この時季になると、道の駅や地元のスーパーに沢庵漬け用の干し大根が並びます。農家が多く干し場所もたっぷりあるこの土地で、なぜわざわざ「干した」大根を売るのだろう・・・? 最初のうちは不思議な気がしたものです。
東京で暮らしていたころに自分で育てた練馬大根をベランダで干して沢庵漬けしていた私としては、森へ移住してからも当然、「自分で」大根を干しました。森の中で白いカーテンのように連なる干し大根は、とても素敵な風景。と、ひとり悦に入っていたら・・・なんと、干した大根の芯が凍って鬆(す)が立っているではありませんか。
そうでした、ここは寒冷地。どんなに広い土地があっても、この時季に大根を外干しできない理由があったのです。郷に入っては、郷に従え。それからは、干し大根をありがたく買って、沢庵漬けをすることにしています。

店頭に鎮座する干し大根と煎り糠の山。冬が来たな、と感じる風景です。

「への字」に曲がるまで水分が抜けた干し大根。漬かってすぐ食べるなら、このくらいの干し方で。春まで食べようと思ったら、大根の葉先とシッポがくっついて輪になるくらいまで干し上げて使います。

沢庵漬けの材料は、大根と米糠(こめぬか)と粗塩(あらしお)が基本。わが家ではさらに、ざらめ糖(手前の鉢の中)と昆布、赤唐辛子、干したニンニクと柿の皮(白いお皿の上)を加えます。

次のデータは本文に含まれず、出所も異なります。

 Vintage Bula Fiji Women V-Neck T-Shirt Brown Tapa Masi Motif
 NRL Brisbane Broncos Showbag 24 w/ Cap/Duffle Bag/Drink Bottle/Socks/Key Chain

柿の皮は、干し柿を作ったときの副産物。ニンニクは、スライスして干します。

今回は、約8kgの干し大根を使いました。それに対して、米糠が800g、粗塩が400g、ざらめ糖が300g。昆布1/2本、赤唐辛子2本、干した柿の皮とニンニクスライス少々も加えました。柿の皮の代わりに、干したみかんの皮も使えます。
仕込んで、約1ヵ月で漬け上がり。その後、3月の初め頃まで食べられます。食べて味が薄いようだったら、追加の塩をふって追い漬けするなど、好みに合わせて調整できるところも手作りならではのよさでしょう。

  •  

米糠と塩・砂糖を混ぜ合わせて糠床を作り①、容器の底に少量を敷きます②。その上に大根を並べ③、昆布・赤唐辛子・柿の皮を散らし④、糠床をふります⑤。さらに大根を並べ⑥、糠床・大根と交互に積み重ねていき⑦⑧、最後に押しふたと重石をのせ⑨、ふたをして冷暗所に保存します⑩。数日後に漬け汁が上がってきたら⑪重石を5kg程度まで減らします。

沢庵漬けを教わったのは、東京で暮らしていたころに通っていた農業塾でした。わずか8坪の畑から家族3人で食べきれないほどの野菜が収穫できて、有り余る野菜をどうするか、という必要に迫られて教わったもの。まさに保存食としての漬けものです。
教わるまでは「沢庵漬けなんて、むずかしそう」と思っていたのですが、実際にやってみると拍子抜けするほど簡単。仕込む段階での糠はさらさらに乾いていて手が汚れることもありませんし、途中でかき回す必要もないので、糠漬けよりよほど楽ちんです。仕込むだけ仕込んだら、あとは目に見えないミクロの世界で行われている発酵の期間を「待つ」だけ。時間との共同作業と言えるかもしれません。
そして、糠と塩を基本にしたシンプルで混じり気のない味わいは、市販の沢庵では得られないおいしさ。自分で入れたもの以外は入っていない安心感も、今の時代では貴重なものでしょう。干した大根を買えば都会でも簡単にできますので、どうぞお試しください。